= What the task asks =
Please repeat the whole listing exactly, but leave out any picture it holds.

= Material for the task =
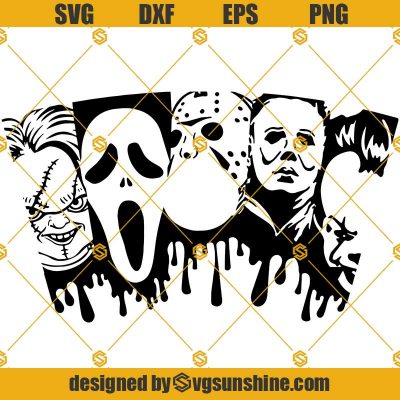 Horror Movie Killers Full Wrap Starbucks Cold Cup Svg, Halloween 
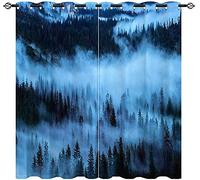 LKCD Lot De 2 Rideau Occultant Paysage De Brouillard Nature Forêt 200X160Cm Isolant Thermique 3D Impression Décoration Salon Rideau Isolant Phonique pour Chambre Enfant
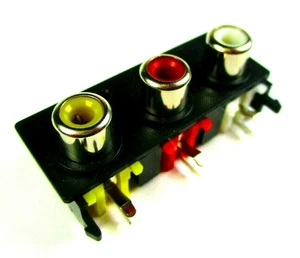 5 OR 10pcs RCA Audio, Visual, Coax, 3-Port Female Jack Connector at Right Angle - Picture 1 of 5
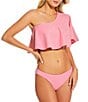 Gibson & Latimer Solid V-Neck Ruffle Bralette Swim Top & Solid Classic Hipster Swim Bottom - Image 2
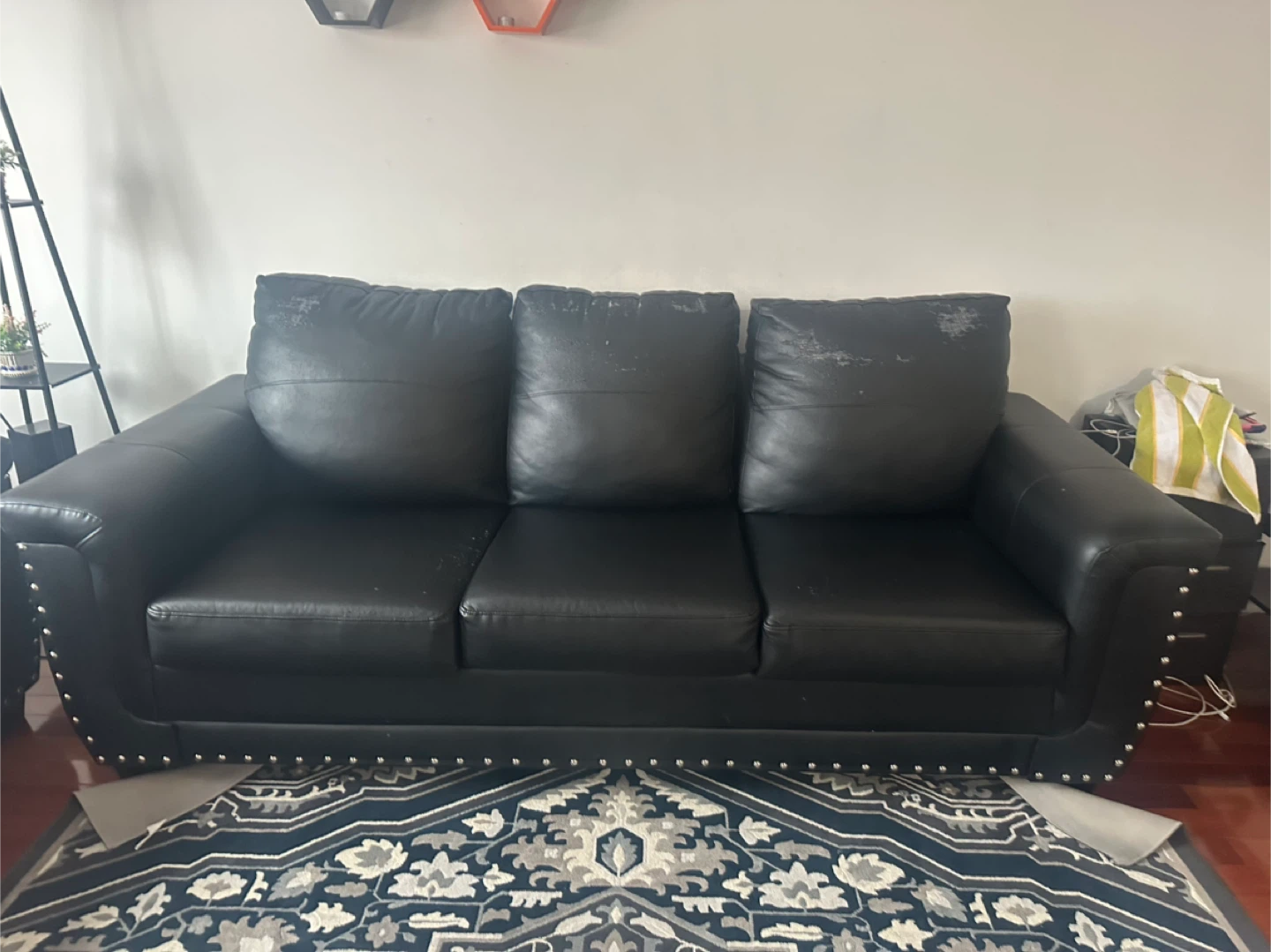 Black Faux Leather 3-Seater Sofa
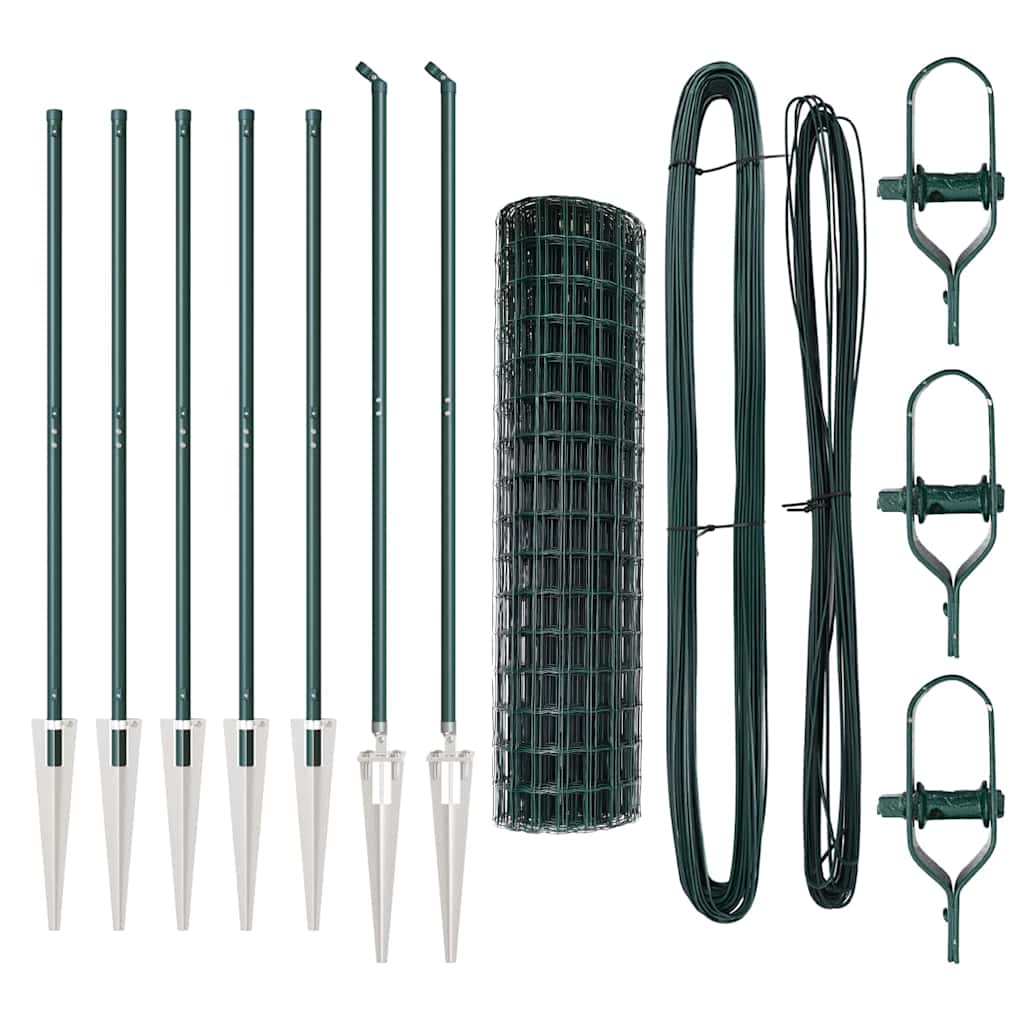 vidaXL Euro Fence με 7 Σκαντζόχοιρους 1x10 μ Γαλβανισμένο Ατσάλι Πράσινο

= Written solution =
 Horror Movie Killers Full Wrap Starbucks Cold Cup Svg, Halloween 
 LKCD Lot De 2 Rideau Occultant Paysage De Brouillard Nature Forêt 200X160Cm Isolant Thermique 3D Impression Décoration Salon Rideau Isolant Phonique pour Chambre Enfant
 5 OR 10pcs RCA Audio, Visual, Coax, 3-Port Female Jack Connector at Right Angle - Picture 1 of 5
 Gibson & Latimer Solid V-Neck Ruffle Bralette Swim Top & Solid Classic Hipster Swim Bottom - Image 2
 Black Faux Leather 3-Seater Sofa
 vidaXL Euro Fence με 7 Σκαντζόχοιρους 1x10 μ Γαλβανισμένο Ατσάλι Πράσινο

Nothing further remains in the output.